Following the completion of the Watzek house, the general contractor, Burt Smith, asked Yeon to design a group of nine small houses to be constructed and then offered for sale. “The resulting structures, built in 1938-39, show Yeon at his most creative, and perhaps for the first time, a ‘systems approach’ was used in the design of a single family house.” Yeon utilized an economical modular design for these houses, with plywood panels on two- or four-foot centers between exterior wooden mullions. The effect has been compared to Japanese screens, perhaps an influence from Yeon’s ongoing studies of Western and Oriental art. In almost all of his following single-residence commissions, Yeon included pergolas and, in the words of Bosker and Lencek, “external passages that brought the ethereal naturescapes of Japanese screens to life.” One of these modular houses is also listed on the National Register of Historic Places, as “John Yeon Speculative House,” under Criterion C.
Yeon’s floor plans exhibit his characteristic light touch with the enclosure of space, using several solid or enclosed blocks placed around a visually open central area. The central glass enclosure punctuated by enclosed blocks of rooms appears in most of his work, and Yeon explained the ideas behind this central space in a 1954 magazine interview. “If the air were solidified and the walls stripped away, the solid would have a shape that is pleasing to me… an asymmetrical cubic composition which is neither static nor restless, suggestive of movement, but in repose.” These spatial compositions at the heart of each floor plan were carefully created to take advantage of the view opportunities for each specific site.
Between 1946 and 1953, Yeon’s work had graced the cover of national architectural publications four times. However, by the mid-1950’s, Yeon had moved away from residential architecture and became involved in designing galleries. He produced designs for the Nelson-Atkins Museum in Kansas City, the San Francisco Museum of Fine Arts, and the Portland Art Museum. He also devoted increasing amounts of time to conservation efforts and to ecological restoration in the Columbia Gorge, at the coast, and in Portland.
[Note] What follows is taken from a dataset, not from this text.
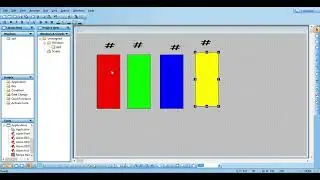 InTouch  SCADA - recipe management feature.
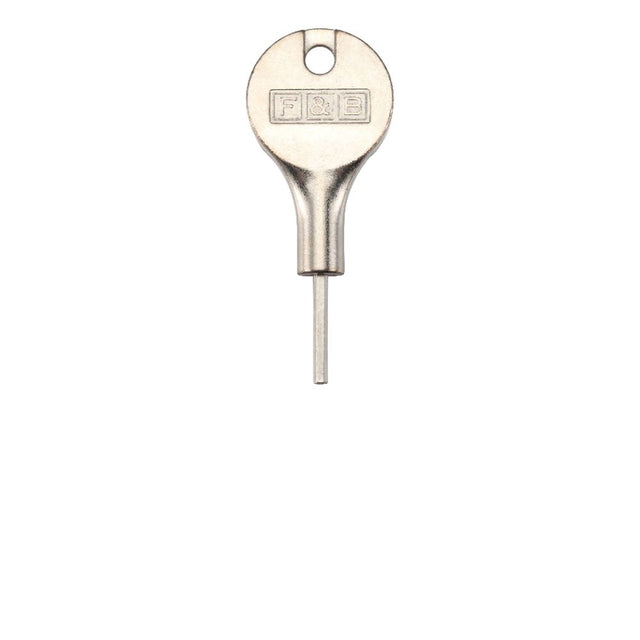 High quality image of the Fulton & Bray - Fulton and Bray 2.5mm Hex Key (fitch fastener) | Sku. fbk04 | available to order from Trade Door Handles.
Despite never having been licensed as a professional architect, Yeon in 1955 became the second winner of the Arnold W. Brunner Memorial Prize for Architecture by the American Academy of Arts and Letters, joining an elite group that has since come to include Gordon Bunshaft, Renzo Piano, Jean Novel, and Frank Gehry. In 1977, the University of Oregon awarded Yeon the Distinguished Service Award for his contributions to the cultural development of Oregon society. In 1978, he was made an honorary member of the American Institute of Architects. Yeon’s achievements in architecture and conservation survived his death in 1994 at the age of 83 and continue to shape future generations of architects. Yeon beneficiary and long time friend Richard Louis Brown arranged a substantial gift of properties to the University of Oregon’s School of Architecture and Allied Arts. These properties include Yeon’s landscape architecture preserve in the Columbia Gorge called “The Shire” and his famed Watzek House. The University of Oregon has used the endowment from the Yeon estate to establish the John Yeon Center for Architectural Studies, the John Yeon Lecture Series featuring prominent guest architects, and the John Yeon Graduate Research Fellowship.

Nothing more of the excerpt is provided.